Web Crawler help

takaa · Feb-08-2017, 12:22 PM

Tnx for the great help. I have everything i want now!
I currently write my output to a csv file which i can then work with. The final piece of my puzzle is to get a header on the first row of the csv file. In the code i now i have i start with completely emptying the csv file.

I tried both to only empty row 2 downwards, or to print the headers with my output. But in both cases it didn't result in a satisfactory output.

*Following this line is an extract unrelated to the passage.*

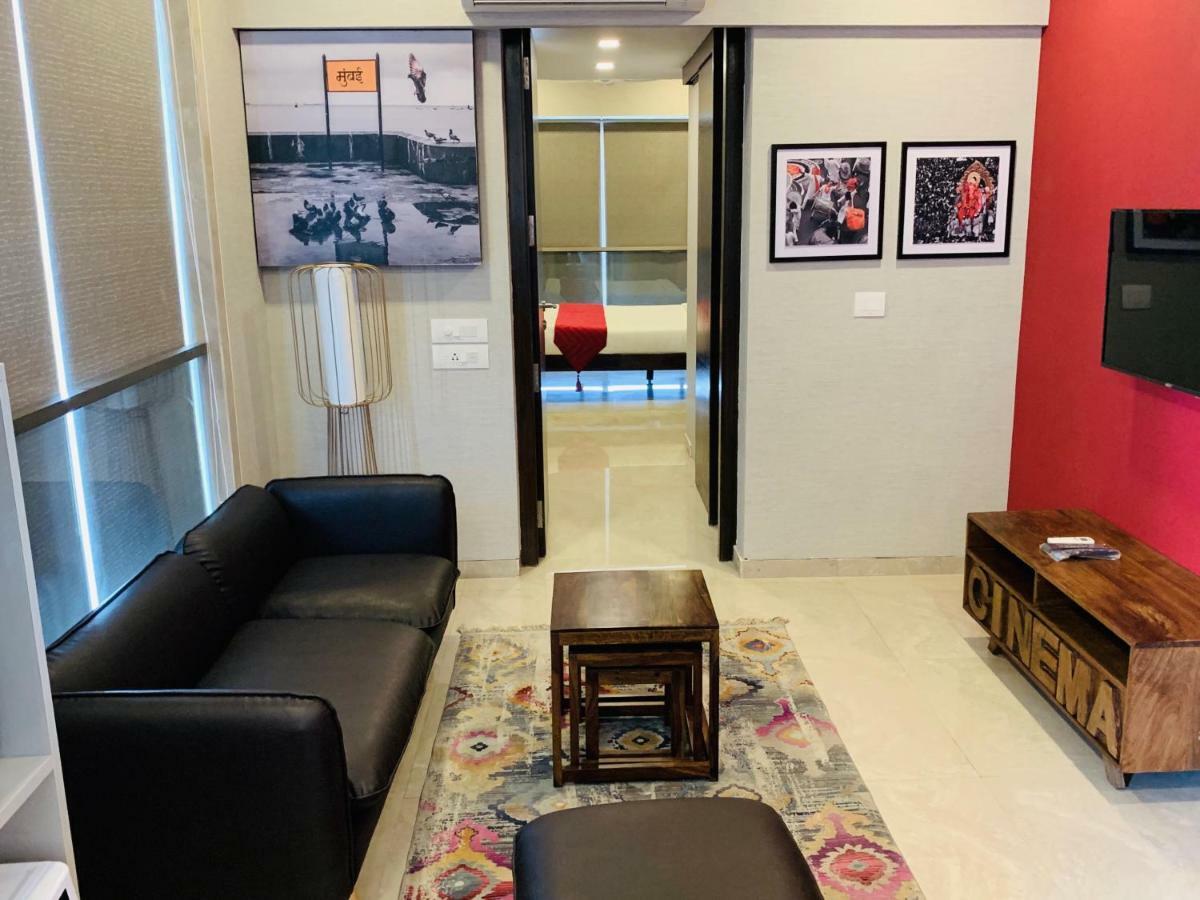 Theory9 Premium Service Apartments Khar Mumbai Luaran gambar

See my code below. Does anybody know how i can print headers only in the first row of the csv file? Many thanks!

import requests
from bs4 import BeautifulSoup
open('output.csv', 'w').close()
import re
 
def fundaSpider(max_pages):
    page = 1
    while page <= max_pages:
        url = 'http://www.funda.nl/koop/rotterdam/p{}'.format(page)
        source_code = requests.get(url)
        plain_text = source_code.text
        soup = BeautifulSoup(plain_text, 'html.parser')
        ads = soup.find_all('li', {'class': 'search-result'})
        for ad in ads:
            title = ad.find('h3')
            title = ' '.join(title.get_text(separator='\n', strip=True).split()[
                             :-3])  # sep by newline, strip whitespace, then split to get the last 3 elements to cut out, then rejoin
            address = ad.find('small').text.strip()
            price = ad.find('div', {'class': 'search-result-info search-result-info-price'}).text.strip()
            price = re.findall(r'\d', price)
            price = ''.join(price)
            size_results = ad.find('ul', {'class': 'search-result-kenmerken'})
            li = size_results.find_all('li')
            size = li[0]
            size = size.get_text(strip=True)
            size = size.split(" ")[0]
            room = li[1].text.strip()
            room = room.split(" ")[0]
            href = ('http://www.funda.nl' + ad.find_all('a')[2]['href'])
            area = get_single_item_data(href)
            print(title + "," + address + "," + price + "," + size + "," + room + "," + area + "," + href)
            saveFile = open('output.csv', 'a')
            saveFile.write(title + "," + address + "," + price + "," + size + "," + room + "," + area + "," + href + '\n')
            saveFile.close()
 
        page += 1
 
def get_single_item_data(item_url):
    source_code = requests.get(item_url)
    plain_text = source_code.text
    soup = BeautifulSoup(plain_text, 'html.parser')
    li = soup.find_all('li', {'class': 'breadcrumb-listitem'})
    return (li[2].a.text)
 
 
fundaSpider(1)

takaa · Feb-08-2017, 01:31 PM

Actually, I run into a little problem with the code above.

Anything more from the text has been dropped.